Editorial do Jornal do Commercio desta quinta Soa estranha e ultrapassada a linguagem do secretário de Cidades do Estado, Humberto Costa, em recente entrevista ao JC.

Para ele, não existe “a oposição”, existe “a direita” e, do lado oposto, “a esquerda”.

A primeira é o mal, a segunda, o bem.

Talvez seja hora de Humberto Costa – inegavelmente um dos bons quadros do Partido dos Trabalhadores em Pernambuco – começar a fazer uma autocrítica, até como uma contribuição pedagógica aos que ainda pensam e se orientam politicamente a partir dessa divisão com cheiro de mofo.

E são muitos os caminhos indicadores de que é mesmo tempo de arquivar chavões que tiveram prestígio e até explicação no tempo da Guerra Fria, quando o mundo estava marcadamente dividido entre soviéticos, a “esquerda”, e norte-americanos, a “direita”.

Não faz muito tempo vivíamos essa simplificação que não cabe mais na cabeça de ninguém de bom senso, até porque o lado do “bem” não era tanto quanto se imaginava e o lado do “mal” desenha hoje um quadro que nos velhos tempos seria “de esquerda”.

Trazido para mais perto de nós esse tema riquíssimo de formulações históricas e doutrinárias desde a revolução francesa, poderia o secretário, mesmo mantendo fidelidade a suas convicções, tentar explicar como ler o discurso do maior líder de seu partido, o presidente Luiz Inácio Lula da Silva, quando recebeu, em dezembro de 2006, o título de Brasileiro do Ano.

Ali a maior autoridade petista falou sobre a evolução da espécie humana e disse que quem é mais de esquerda vai ficando mais de direita.

Quem é mais de direita vai ficando mais de centro, pois as coisas vão confluindo de acordo com a quantidade de cabelos brancos.

E sentenciou: “Se você conhecer uma pessoa muito idosa esquerdista, é porque ela está com problema.

Se conhecer uma pessoa muito jovem direitista, é porque está com problema”.

Não se pode negar coerência no discurso do presidente.

Ela está presente no seu ministério e na base aliada, ambos formados por figuras que no passado jamais entrariam num diretório do PT e seriam impensáveis na equipe de um governo daquele partido.

Daqui mesmo temos exemplos emblemáticos: na eleição de Arraes, em 1986, o adversário José Múcio Monteiro era um usineiro “de direita” que jamais poderia ser absorvido – e absolvido – pela “esquerda”, estigmatizado que estava pela origem.

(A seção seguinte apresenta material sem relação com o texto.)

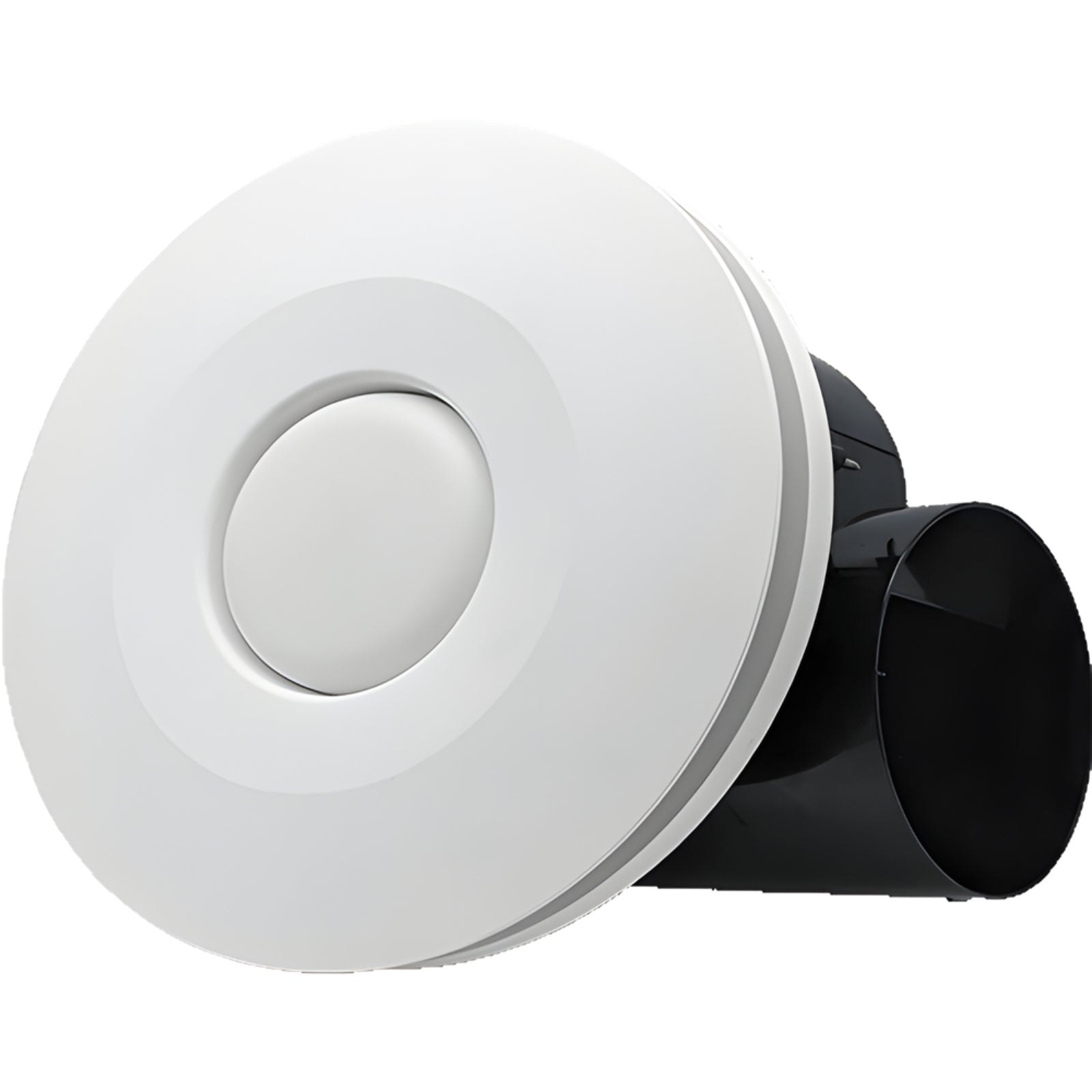 Fanco Hybrid 250 Round Exhaust Fan with LED White W-ECVUHBM10-RWL - The Blue Space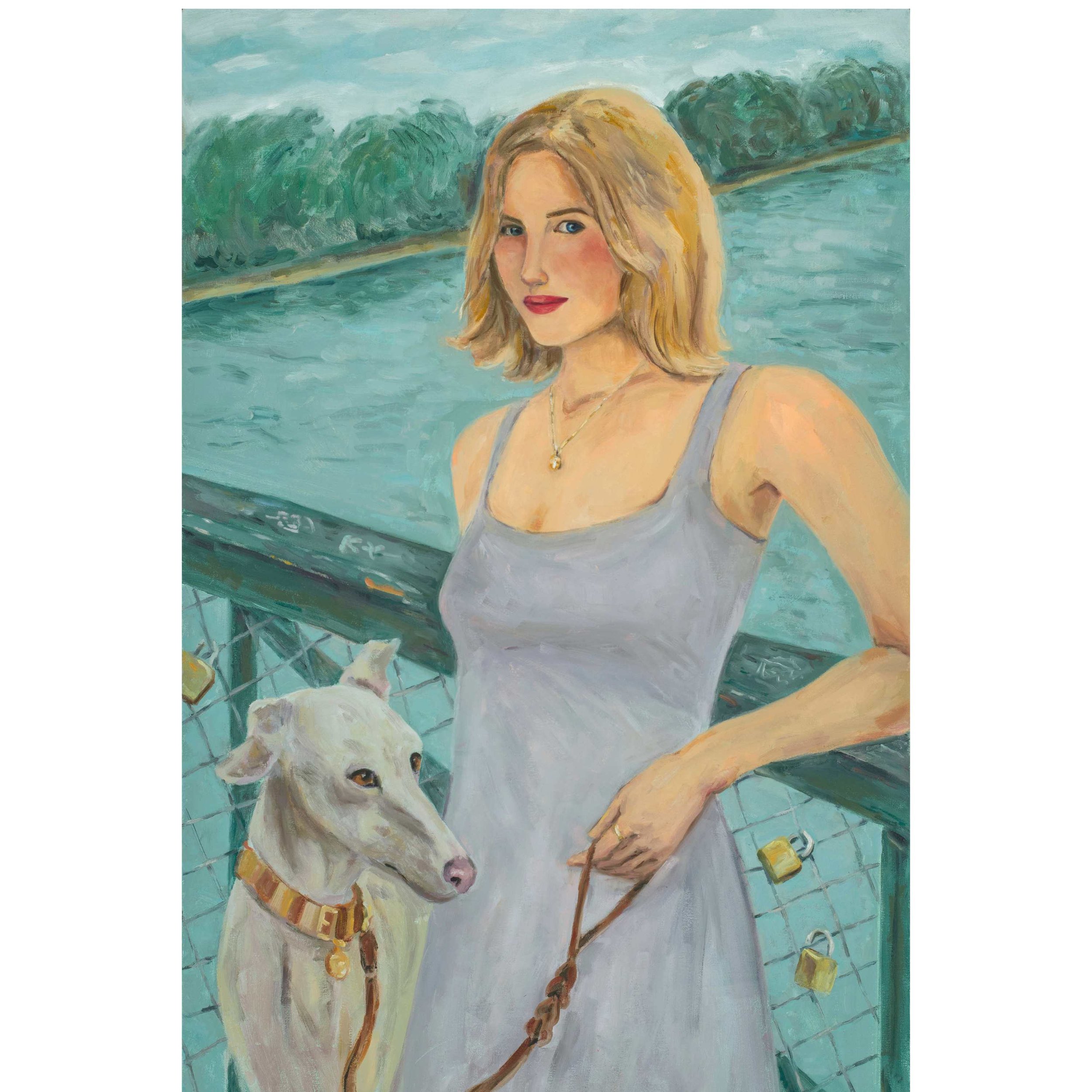 Love Lock Bridge, 2024 • Oil on Archival Canvas • 36 × 24 inches • Studio Archive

Hoje, José Múcio é o articulador político do presidente Lula.

O que dizer de tantos outros nomes que antes eram direitistas, conservadores, em alguns casos intoleráveis reacionários, e hoje fazem parte do governo, estão na base aliada, ou em palanques de outrora convictos esquerdistas?

Isso nos leva à convicção de que a classe política precisa evoluir no discurso e até nos cacoetes, porque se a prática exige uma fundamentação teórica, esta não contempla discursos que revelam o vício de origem.

Do secretário Humberto Costa – que é apenas um modelo para todos mais envolvidos na disputa de mandatos – se espera que anteponha a suas aspirações eleitorais com ideias mais ajustadas ao nosso tempo e nossa realidade.

Por exemplo: como ele vê o desmantelo do Congresso diante das incontáveis denúncias de improbidade, como encara a questão da vergonhosa verba indenizatória, o fato de o parlamentar brasileiro ganhar quatro vezes mais que um parlamentar inglês, de como conviver com cidadãos que se desdobram na defesa da imunidade parlamentar para exercitar impunemente a bandidagem, e por aí vai.

Significa dizer: tanto quanto imaginar a ideia de esquerda e direita como a imaginavam os teóricos nos tempos do mundo dividido – da desigualdade como um fato social ou como um fato natural – cabe a qualquer líder político brasileiro questionar as deformações do poder que representa e que, em qualquer circunstância, sob qualquer ótica – de direita ou de esquerda – é sustentado por todos nós que pagamos impostos.